Regardless of the circumstances leading up to Whitehouse’s abuse and murder, Baker’s arrest, conviction, and pardon for the boy’s death evidently did not scare him into reform. The cow mutilation signaled the end of his short and disgraceful period of residence in Parowan. His act of brutality and the consequential second excommunication effectively banished him and his wife from the community. Samuel Baker was listed in the 1856 Utah Census as a resident of Cedar City, suggesting that the Bakers sought to flee the confines of the fort wall. The order of the census enumeration also suggests that Isaac’s five-year-old brother was placed under the care of Joseph and Nancy Barton of Parowan. 48 Although we do not know precisely when they decided to move, Samuel and Elizabeth soon took their children away to live in anonymity in San Bernardino, California (where many Iron County residents out-migrated) and to avoid the possibility of awkward stares from neighboring members of the Parowan and Cedar City settlements. 49

The Bakers’ move to California helped to stifle any public memory of the incident. Whitehouse’s murder was never reported in the Deseret News or any other published records. With the exception of Martineau’s explicit journal entry, only a few extant diaries mention the murder and court case and then only obscurely. As a consequence, the tragic affair was never recounted in histories of Parowan or Iron County. One account, written decades after the incident by a Baker descendant, falsely tells a story of the Baker family passing through Utah, with no mention of their stay in Parowan or the boy’s death and the subsequent murder trial: “Before reaching Salt Lake City, the Whitehouse baby [Isaac] died. One of the Baker boys and Joe Whitehouse were left with some people in Salt Lake City while S. G. Baker and wife and the other Baker boy came on to

San Bernardino, Calif. with the Mormons. Later the two boys were sent on to them in another wagon train.” 50 By the mid-twentieth century, when this account was written, the episode had been effectively washed from collective memory.
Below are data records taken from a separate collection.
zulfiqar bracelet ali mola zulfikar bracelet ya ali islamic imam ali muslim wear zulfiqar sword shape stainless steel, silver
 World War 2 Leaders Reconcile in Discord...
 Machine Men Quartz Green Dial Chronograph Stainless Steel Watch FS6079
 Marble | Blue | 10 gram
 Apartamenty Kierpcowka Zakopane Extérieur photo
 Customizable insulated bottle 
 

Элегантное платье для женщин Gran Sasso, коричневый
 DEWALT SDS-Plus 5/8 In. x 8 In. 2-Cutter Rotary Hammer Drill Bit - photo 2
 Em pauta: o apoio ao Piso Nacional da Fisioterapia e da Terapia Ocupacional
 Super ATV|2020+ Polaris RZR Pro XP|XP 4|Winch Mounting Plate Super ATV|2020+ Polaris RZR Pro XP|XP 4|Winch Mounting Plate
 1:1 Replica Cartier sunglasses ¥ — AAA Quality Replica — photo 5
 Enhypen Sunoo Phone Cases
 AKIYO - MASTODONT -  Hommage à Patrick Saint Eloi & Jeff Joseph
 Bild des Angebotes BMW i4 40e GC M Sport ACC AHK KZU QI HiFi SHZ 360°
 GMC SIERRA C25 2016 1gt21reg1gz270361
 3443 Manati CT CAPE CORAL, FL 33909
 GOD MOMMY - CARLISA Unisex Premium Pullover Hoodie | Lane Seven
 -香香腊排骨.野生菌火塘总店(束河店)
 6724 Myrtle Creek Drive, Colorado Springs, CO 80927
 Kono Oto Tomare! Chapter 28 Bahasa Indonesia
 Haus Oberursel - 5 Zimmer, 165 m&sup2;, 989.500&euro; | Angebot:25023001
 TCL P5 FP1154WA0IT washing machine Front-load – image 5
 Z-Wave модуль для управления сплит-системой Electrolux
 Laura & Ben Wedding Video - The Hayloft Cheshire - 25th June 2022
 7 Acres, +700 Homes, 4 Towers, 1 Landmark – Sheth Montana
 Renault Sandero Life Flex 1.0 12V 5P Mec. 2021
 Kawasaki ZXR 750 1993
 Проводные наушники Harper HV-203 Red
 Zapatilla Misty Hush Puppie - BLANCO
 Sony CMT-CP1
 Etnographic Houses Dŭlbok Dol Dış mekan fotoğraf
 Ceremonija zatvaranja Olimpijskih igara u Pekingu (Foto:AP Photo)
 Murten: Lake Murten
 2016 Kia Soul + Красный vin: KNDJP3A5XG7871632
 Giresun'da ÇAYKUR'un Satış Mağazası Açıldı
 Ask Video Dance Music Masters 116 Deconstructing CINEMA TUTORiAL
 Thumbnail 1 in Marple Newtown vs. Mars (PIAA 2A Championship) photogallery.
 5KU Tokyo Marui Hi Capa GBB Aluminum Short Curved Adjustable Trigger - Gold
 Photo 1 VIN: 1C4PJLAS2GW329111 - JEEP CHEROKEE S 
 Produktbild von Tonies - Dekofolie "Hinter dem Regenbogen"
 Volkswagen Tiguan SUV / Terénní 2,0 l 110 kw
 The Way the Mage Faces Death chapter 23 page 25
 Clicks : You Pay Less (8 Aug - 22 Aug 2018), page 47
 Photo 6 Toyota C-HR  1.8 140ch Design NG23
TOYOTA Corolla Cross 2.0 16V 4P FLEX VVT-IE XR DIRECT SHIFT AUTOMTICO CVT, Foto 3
The absence of reports of Baker’s crimes and the trial in contemporary newspapers seems to indicate that such violent abuses against children— and undoubtedly spouses—were taboo and kept from public knowledge. According to the historian Elliott West, “Violence and child abuse usually remained behind closed doors, but enough is mentioned in reminiscences and memoirs to show that it was certainly not unknown.” 51 The stresses of frontier life, family transience, marital discord, the death of a parent, and the abandonment of children to strangers or uncompassionate caretakers often led to child neglect and abuse. 52

Contemporary research has revealed some of the causal factors leading to the maltreatment of children with disabilities. Studies have shown that “children with chronic illnesses or disabilities often place higher emotional, physical, economic, and social demands on their families.” 53 Newly arriving immigrants to Parowan encountered a rough and tumble existence and brought with them the social behaviors that they had adopted in industrialized cities like Birmingham, London, and Liverpool. Moreover, as clinical psychologists conclude, “Parents with limited social and community support may be at especially high risk of maltreating children with disabilities, because they feel more overwhelmed and unable to cope with the care and supervision responsibilities that are required.” 54 These factors were particularly profound for the Bakers. The severely depressed conditions in Parowan would have exacerbated the tremendous demands placed on the blended Baker family. The day-to-day care of Isaac, the mute boy who was neither Elizabeth’s nor Samuel’s biological child, would have been extremely taxing on them.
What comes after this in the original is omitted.